**What you need to do:**
Everything in the listing below from the line containing "una cucina e" through the line containing "2020 Ford Explorer Platinum" must be repeated exactly; the remaining lines are not wanted.

**Entries shown:**
---
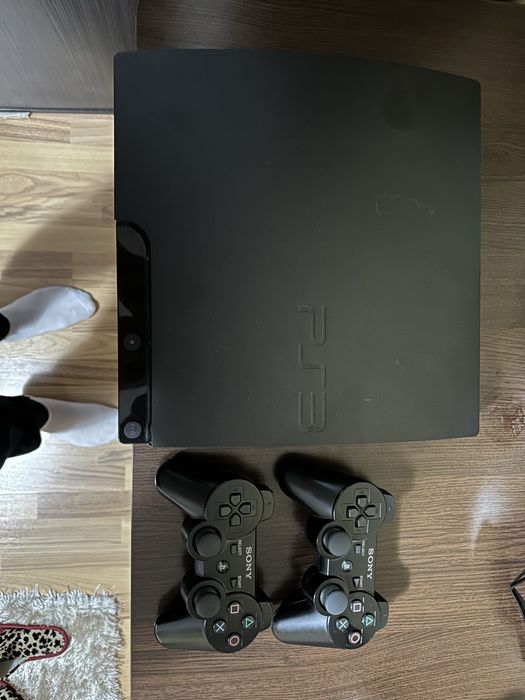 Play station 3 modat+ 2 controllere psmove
---
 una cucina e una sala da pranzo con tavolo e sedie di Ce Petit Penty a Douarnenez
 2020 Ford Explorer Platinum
---
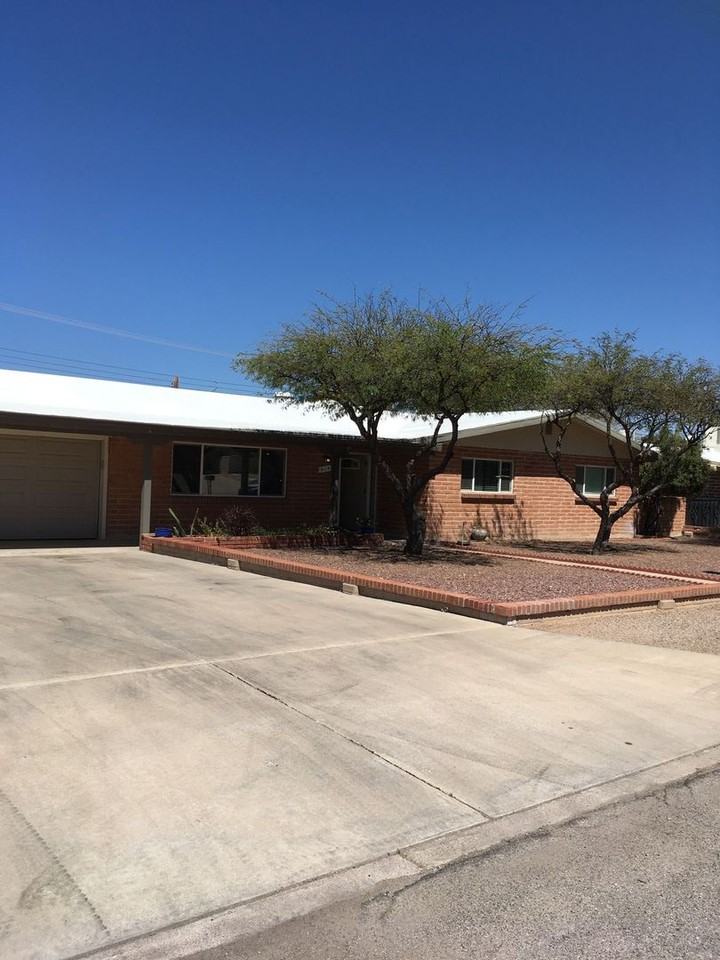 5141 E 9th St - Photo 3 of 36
---
**Solution to the exercise:**
 una cucina e una sala da pranzo con tavolo e sedie di Ce Petit Penty a Douarnenez
 2020 Ford Explorer Platinum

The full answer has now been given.